Affiliation:
1. Department of Chemical and Process Engineering Rzeszów University of Technology Rzeszów Poland
2. Department of Organic Chemistry Rzeszów University of Technology Rzeszów Poland
3. Interdisciplinary Centre for Computational Modelling College of Natural Sciences, University of Rzeszów Rzeszów Poland
Abstract
AbstractThe kinetics of heterogeneous catalytic reactions is a topic of theoretical and practical importance that combines theoretical and experimental efforts to achieve a deeper insight into the process. Theoretical aspects are concerned with determination of the process mechanism, whereas in practical applications kinetic experiments are applied to assist reactor design and scaling up of various processes. These approaches overlap; basis of the assumed mechanism that consists of many elementary steps, it is possible to find a kinetic equation for which precision is verified by comparison with experimental data. The method most often applied requires finding a single step that has the strongest influence on the process rate. This “classical approach” fails if the rate of two or more steps has comparable values, the precision of the determined kinetic rate becomes only average or even low. Such accuracy was observed, among others, for the gas‐phase hydrogenation of propene. The reaction is easy to carry out and proceeds under mild conditions; the byproducts are not observed. It suggests that there cannot be a single dominating effect step on the process rate. In this work, the application of the polynomial kinetic idea to the gas‐phase hydrogenation of the propene process realized in practice is tested. An attempt of obtaining a handy and precise relationship, without insignificant parameters was made.

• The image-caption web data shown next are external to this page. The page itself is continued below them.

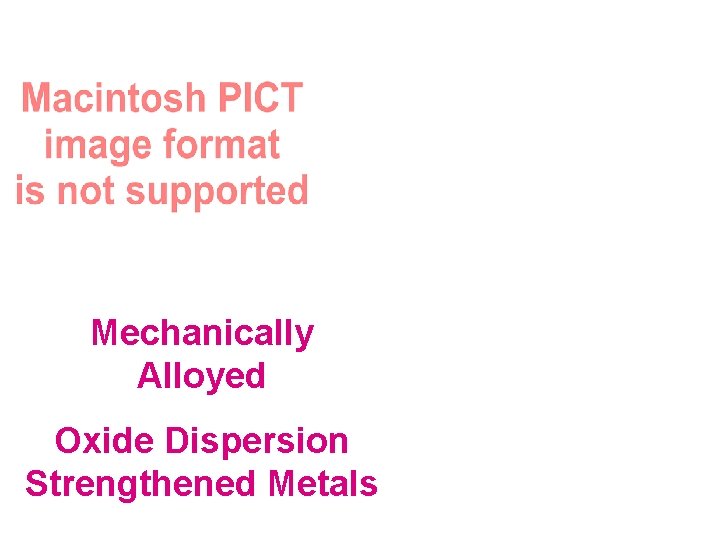 Mechanically Alloyed Oxide Dispersion Strengthened Metals 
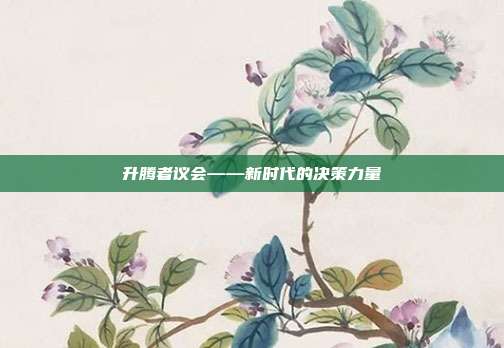 升腾者议会——新时代的决策力量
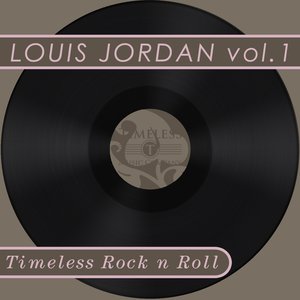 Timeless Rock n Roll: Louis Jordan Vol 1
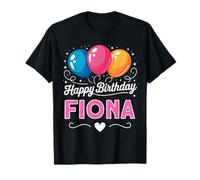 Happy Birthday Fiona T-Shirt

To realize this, the theoretical form of the polynomial kinetic was derived, and then, using statistical analysis of estimated polynomial parameters, the kinetic relationship was simplified. The final version of the kinetic polynomial and some selected kinetic equations taken from the literature were compared with respect to precision. The differences were significant: the precision of anticipation of the kinetic rate by the polynomial kinetic was 5% higher than for the power law and 12% higher than for the LHHW kinetic.